The scale on the right in the correlation graph shows that the darker the blue color, the more positively correlated it is and on the other hand, the darker the red color, the more negatively correlated the variable it is. We can see that stars is very positively correlated with sentimental score, and funny is also positively correlated with useful and cool, whereas (text length and sentimental score), (text length and stars), (funny and stars), (useful and stars) are negatively correlated.
Next, we wanted to see how stars (on the scale of 1-5) related to sentimental score (positive and negative.) in the form of a box plot.
The box plot shows that as the ratings increased, the sentimental score increased, which means that the higher the number of stars, the more positive the review is. Therefore, we can conclude that number of stars and review sentimental score are directly related. Lastly, the dataset was split into 75% training data and 25% testing data as input for our regression models.

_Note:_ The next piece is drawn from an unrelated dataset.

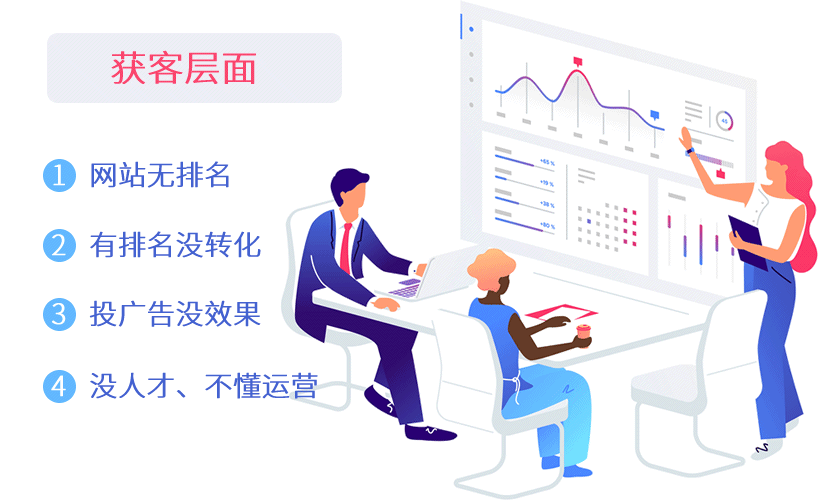阿勒泰代运营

Proposed Solution and Methods
Our plan was to try four regression machine learning algorithms (Linear Regression, Decision Tree, Random Forest and Boosting) to get a solid understanding of how each variable correlated with the number of stars. This would also provide enough results to see why one model performed better or worse than another. We will be using correlation accuracy of the particular model as a metric and compare all correlation accuracies of all models to see which algorithm/model performed better on our dataset.

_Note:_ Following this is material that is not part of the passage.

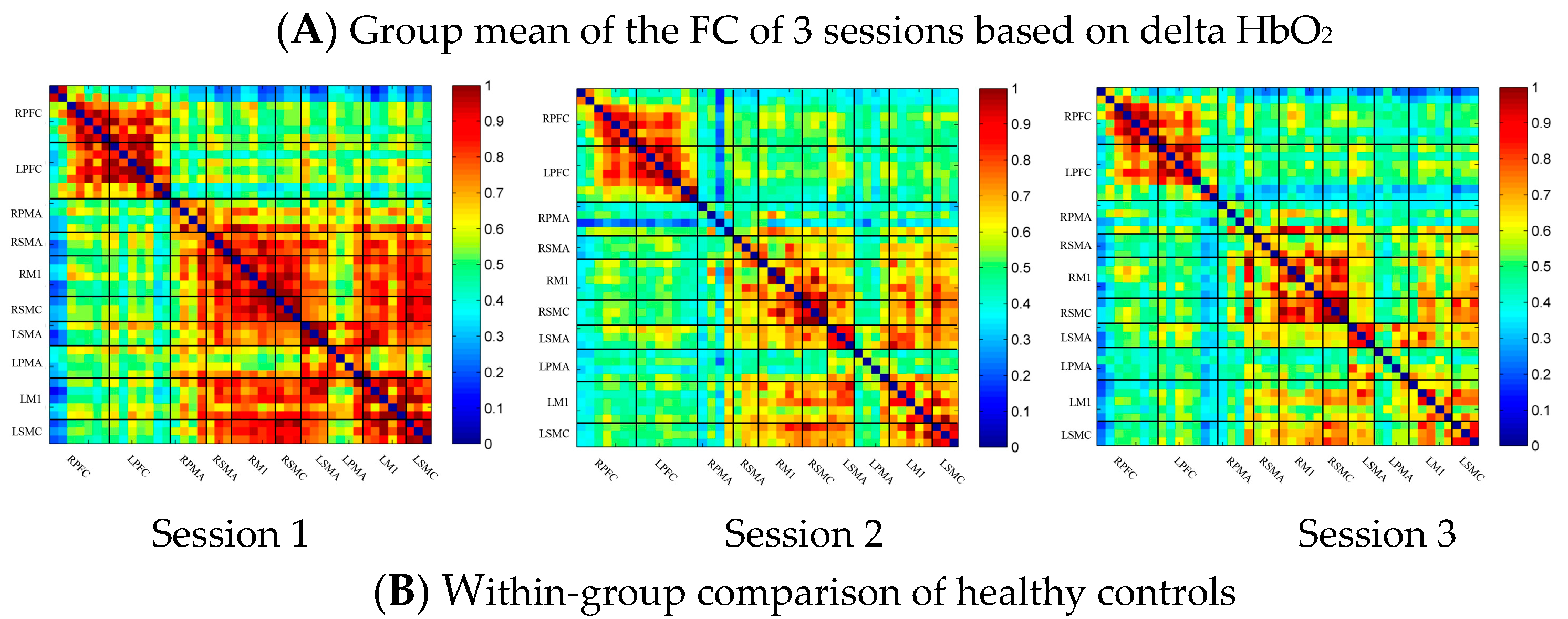 Brainsci 13 00338 g002a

Experimental Results and Analysis
In all models, we used : Target - stars Predictors - useful, funny, cool, textLength , textSentimentScore 1.Linear Regression
● Summary:- All the chosen variables had 3 stars indicating low p values, which means that the variables are strongly correlated with the stars target variable.
● Residuals graph:- The four graphs below does not show good linearity of the model (straighter the line, better the model). The bell shaped curves indicate that our model is not a great linear fit.
● Correlation Accuracy of linear regression:- 61.1402883620416 %
-
Decision Tree:- ● Correlation Accuracy of Decision Tree:- 66.0161485632484 %
-
Boosting:- ● Summary Graph of variable relative influence:- We can see that from the graph below, text length has better relative influence towards the boosting model.
● Correlation Accuracy of Boosting:- 70.1557471617871 %
- Random Forest:- ● Correlation Accuracy of Random Forest:- 68.9701268056481 %
When comparing all the above correlation accuracies of 4 different algorithms, the ranking based on correlation accuracy (from highest accuracy to lowest accuracy) are as follows:- Boosting > Random Forest > Decision Tree > Linear Regression Boosting algorithm performed much better than the other three models with an accuracy of 70.15%. Boosting performed better because it is designed to create lot of trees consecutively, which resulted in improved performance. Moreover, each tree has a better fit on a modified version of the previous tree when Boosting is used.
Conclusion
The best performing algorithm was the Boosting algorithm with the accuracy of 70.15%. Overall, the models we ran averaged around 67% accuracy. This was what we were expecting since the dataset has more than 100,000 rows and contains raw information from thousands of reviews. We learned that the text sentiment score that we calculated as well as the other predictors we chose had a high correlation with the number of stars. Working on this project helped us gain experience in Spark R, evaluating machine learning models, various data preprocessing techniques, and other big data analytics technologies.
References
"Yelp Dataset." Yelp.com . N. p., 2018. Web. 22 Apr. 2018. "Sparkr (R On Spark) - Spark 2.3.0 Documentation." Spark.apache.org. N. p., 2018. Web. 22 Apr. 2018. "Sparkr Overview — Databricks Documentation." Docs.databricks.com. N. p., 2018. Web. 22 Apr. 2018.